Negotiations on the proposed best interest standard revisions accelerated in the aftermath of Reg BI’s release, and if the proposed revisions are passed by the NAIC, the model regulation would be presented to states for suggested adoption. The working group was tasked with defining and detailing a number of different obligations annuities providers would need to fulfill, including care, conflict-of-interest and disclosure. Unlike New York’s recent regulation cementing a best interest standard for annuities and insurance providers, the NAIC’s model regulation pertains solely to sales of annuities.
Ommen said the working draft defined many aspects of the care and conflict of interest obligations, including a requirement that carriers identify and eliminate bonus incentives that pertain to specific products in a certain period of time, but he also noted that conflicts could be different, and should be managed in different manners. Like the SEC’s Reg BI, the draft also clarifies who (and who is not) subject to a fiduciary standard.
“What we wanted to make clear is while it is a best interest standard, the individual producer has an obligation to use skill and diligence to carry out the desire of the consumer,” he said. “We shouldn’t take it to mean a fiduciary obligation extends to everyone.”
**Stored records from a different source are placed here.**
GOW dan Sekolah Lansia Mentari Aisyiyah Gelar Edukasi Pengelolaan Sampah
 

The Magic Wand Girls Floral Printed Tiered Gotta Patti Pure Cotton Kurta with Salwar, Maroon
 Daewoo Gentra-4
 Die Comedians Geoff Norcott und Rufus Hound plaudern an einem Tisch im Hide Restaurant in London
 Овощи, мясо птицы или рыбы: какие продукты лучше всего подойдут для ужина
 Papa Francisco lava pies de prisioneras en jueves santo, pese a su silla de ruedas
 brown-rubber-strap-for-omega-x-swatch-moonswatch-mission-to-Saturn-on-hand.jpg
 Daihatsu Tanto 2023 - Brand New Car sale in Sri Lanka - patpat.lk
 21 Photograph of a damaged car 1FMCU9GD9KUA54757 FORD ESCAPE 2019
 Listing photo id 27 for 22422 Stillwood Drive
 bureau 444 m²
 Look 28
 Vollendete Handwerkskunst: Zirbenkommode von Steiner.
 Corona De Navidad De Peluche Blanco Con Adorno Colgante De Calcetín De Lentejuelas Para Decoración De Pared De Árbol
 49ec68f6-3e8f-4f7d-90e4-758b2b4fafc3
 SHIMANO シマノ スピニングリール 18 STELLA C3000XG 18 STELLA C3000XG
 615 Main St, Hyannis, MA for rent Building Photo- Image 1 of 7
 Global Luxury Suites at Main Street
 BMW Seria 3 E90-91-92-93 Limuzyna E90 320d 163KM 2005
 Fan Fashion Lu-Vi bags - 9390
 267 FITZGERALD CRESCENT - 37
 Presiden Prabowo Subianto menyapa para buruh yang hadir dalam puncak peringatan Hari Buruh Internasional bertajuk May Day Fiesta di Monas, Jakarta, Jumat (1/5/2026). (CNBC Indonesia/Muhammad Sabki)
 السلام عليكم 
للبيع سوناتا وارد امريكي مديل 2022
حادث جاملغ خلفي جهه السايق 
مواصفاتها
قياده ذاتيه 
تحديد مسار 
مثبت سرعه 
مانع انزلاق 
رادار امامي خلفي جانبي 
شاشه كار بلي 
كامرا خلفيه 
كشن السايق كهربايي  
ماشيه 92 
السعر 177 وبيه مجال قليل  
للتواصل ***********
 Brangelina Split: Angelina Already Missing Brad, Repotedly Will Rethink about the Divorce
Critics of the working draft included Birny Birnbaum, the executive director of the Center for Economic Justice. During the process, he questioned the importance of aligning with the SEC’s Best Interest standard if it led to weaker standards, and he believed that the draft did not meet the goals the working group strove to achieve.
“Generally, it’s not a particularly consumer-friendly proposal,” he asserted. “The upshot of it is protection for producers and insurers selling their products, as opposed to some protections for consumers for products that are not in their best interest.”